- Record set -

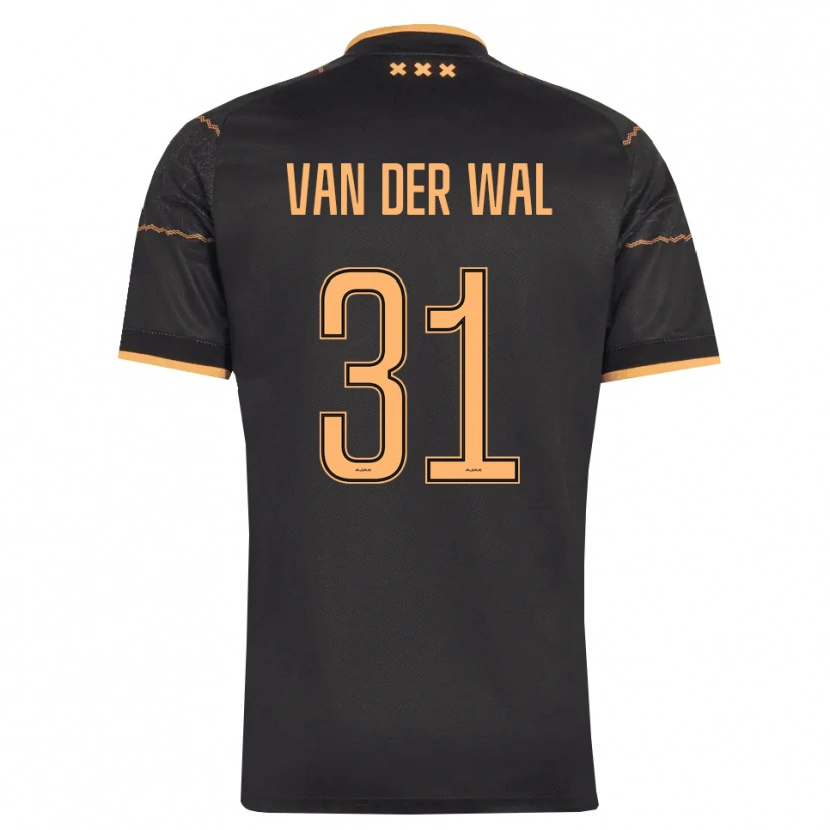 Danxen Dames Dionne Van Der Wal #31 Zwart Oranje Uitshirt Uittenue 2026/27 T-Shirt België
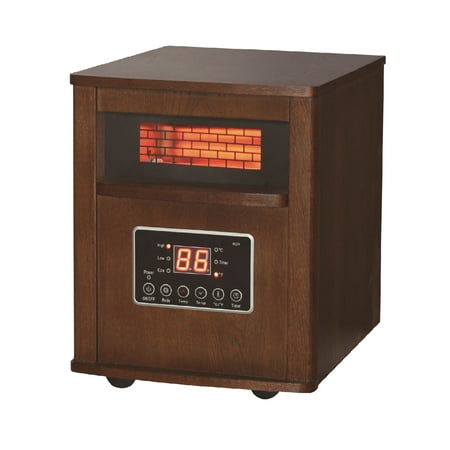 Dura Heat Infrared Quartz Heater with Wood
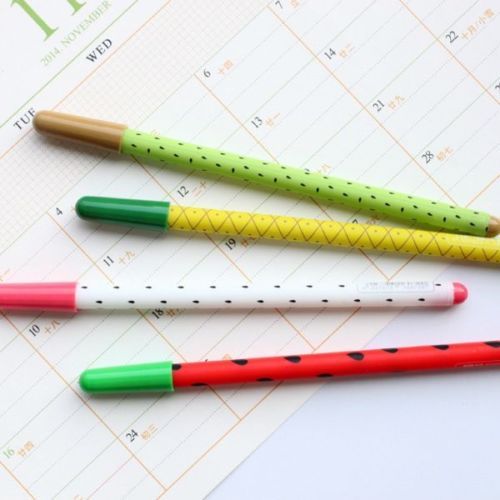 Fruit Design Gel Pen Pens Stationery Pineapple Watermelon School Office Kawaii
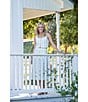 Mason's Daughter Andrea Coordinating Linen Pin Tuck Gingham A-Line Skirt - Image 5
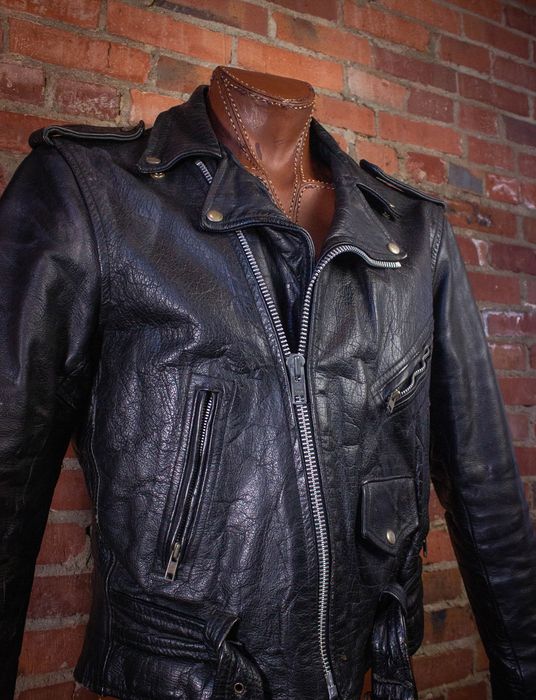 Vintage Vintage Unik Leather Biker Jacket 80s Grailed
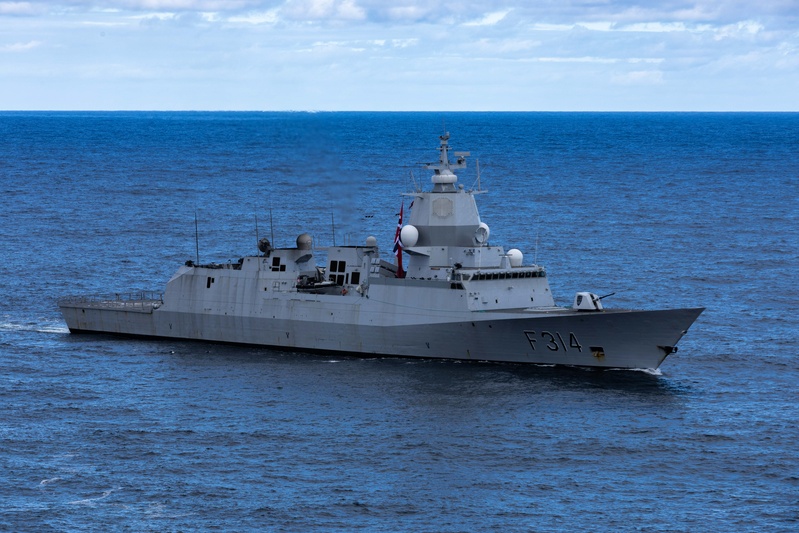 Gerald R. Ford Carrier Strike Group and Norwegian Navy Sail in North Sea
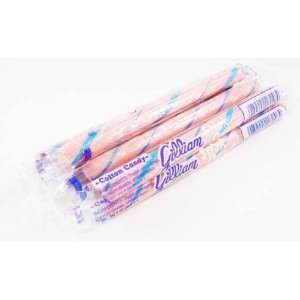 Cotton Candy Pink & Blue Old Fashioned Hard Candy Sticks 80 Count Box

- Work instruction -
Copy, without the pictures, exactly the lines from the line with "Gerald R. Ford" through the end of the material above, both ends included.

- Exercise solution -
 Gerald R. Ford Carrier Strike Group and Norwegian Navy Sail in North Sea
 Cotton Candy Pink & Blue Old Fashioned Hard Candy Sticks 80 Count Box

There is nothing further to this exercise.